New Gear AT Force
To create Gear AT Force there are number of parameters to be entered in following tabs of the dialog box shown in Figure 111:
Main
Figure 111 Create or modify gear force
For the options | Do the following |
|---|---|
Gear Force Name | Enter the Gear Force name to create or browse for existing gear force to modify |
Gear 1 toggle free to orient / keep orientation | Select the role of the Gear 1 for the gear pair assembly: ■Toggle ON to keep the orientation fixed ■Toggle OFF to free the orientation |
Gear 2 toggle free to orient / keep orientation | Select the role of the Gear 2 for the gear pair assembly: ■Toggle ON to keep the orientation fixed ■Toggle OFF to free the orientation |
Gear 1 | Select existing gear element |
Gear 2 | Select existing gear element |
CGS File Gear 1 | Browse for *.CGS file of Gear 1 prepared during meshing preprocessing step.
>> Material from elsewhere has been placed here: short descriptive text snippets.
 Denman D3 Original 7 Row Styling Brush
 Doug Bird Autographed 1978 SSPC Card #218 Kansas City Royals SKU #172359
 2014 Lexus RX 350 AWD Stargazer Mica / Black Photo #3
If selected Gear FAST modeling option this field in not enabled, user has to be provide *.CGF file in Contact tab instead |
CGS File Gear 2 | Browse for *.CGS file of Gear 2 prepared during meshing preprocessing step. If selected Gear FAST modeling option this field in not enabled, user has to be provide *.CGF file in Contact tab instead |
Comments | Select to display a dialog box where you can add multi-line comments to any entity to describe its purpose and function. |
Clearance check | Select to compute the clearance in the gear pair by using the solids of the gear rim. |
Orient Gears | Run clearance study of the gear pair to correctly orient the gears. Reset to input configuration when both gears are set to free to orient |
Verify Gear AT model | Select to create and load automatically an Adams verification model of a gear pair |
Extended definition:
Gear 1 / Gear 2 - free to orient / keep orientation
The Gear AT Force element is defined by Gear 1 and Gear 2. Gear AT Elements can be selected or created by the GUI options Pick, Browse, Guess or Create; see section Gear AT Element to learn more about the creation of a Gear AT Element.
The toggle keep orientation defines the gear, which is fixed for the assembly and the free to orient toggle sets the gear to mesh with the other one without contact.
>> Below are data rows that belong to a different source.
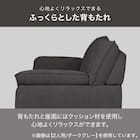 3人掛け布張りソファ(SL02 LGY) 4枚目画像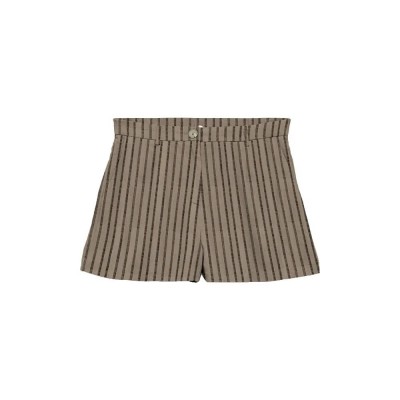 къси,панталони,мъжки,панталони,дамски,панталони,vero,moda,rosie,shorts,brown,(silver,mink,black,pinstripes)
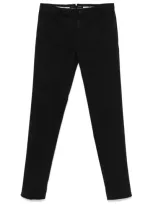 Incotex Slim-cut Trousers In Black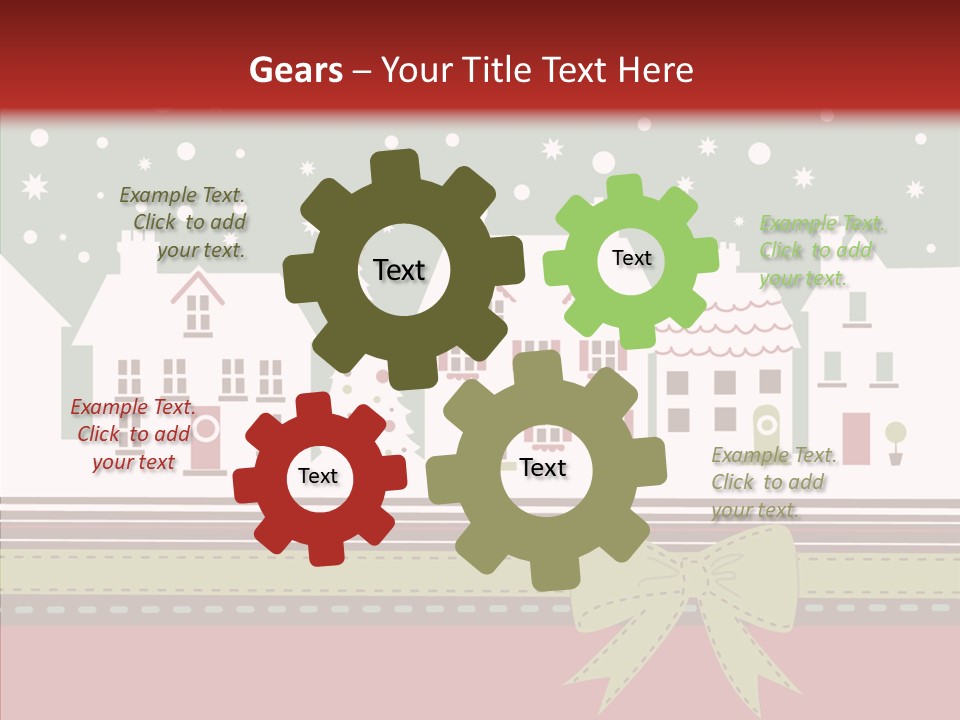 Human Humorou Management PowerPoint Template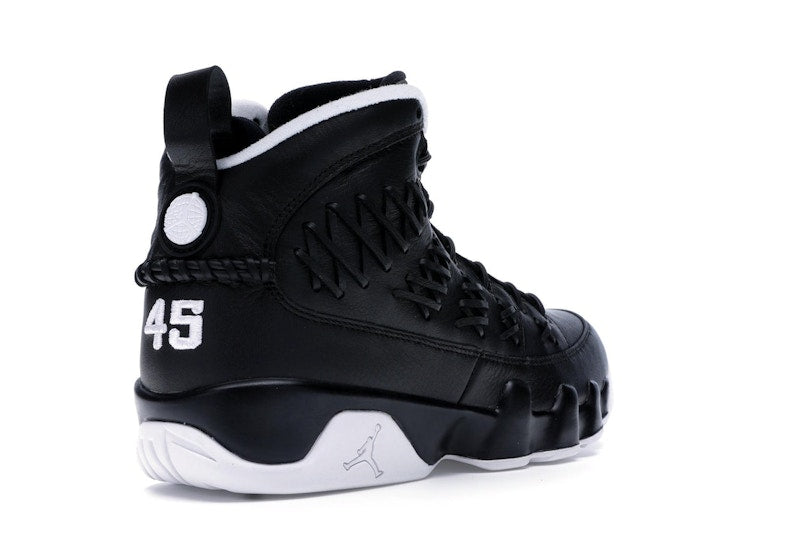 Jordan 9 Retro Pinnacle Baseball Black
Following combinations are applicable:
Gear 1 | Gear 2 | Action | Result |
|---|---|---|---|
Keep orientation | Free to orient | Apply / OK / Orient Gears Button | Gear 2 will be oriented relative to Gear 1 |
Free to orient | Keep orientation | Apply / OK / Orient Gears Button | Gear 1 will be oriented relative to Gear 2 |
Keep orientation | Keep orientation | Apply / OK | No new orientation |
Free to orient | Free to orient | Orient Gears Button | Both Gears will be reset to input configuration (no orientation) |
Following rules are applicable:
■At least one gear must be an external one
■The internal gear must be Gear 2
■The Gear 1 is automatically the wheel with smaller width in case of two external gears
Gear AT Mesh gives you the full control about the number of contact planes and the Mesh_density. Therefore you need to select the desired *.cgs files for the gear wheels. It is recommended to use a similar axial distance between the contact planes and an identical Mesh_density for both wheels; please read section FGear AT Mesh.
Clearance check
The icon 
of Figure 111 computes the clearance in the gear pair by using the solids of the gear rim. If clearance - what should be the normal case - is found, it will be shown as depicted by Figure 120. All gear pairs in the model will be checked for the minimum clearance value. Note that solids do not include the micro-geometry.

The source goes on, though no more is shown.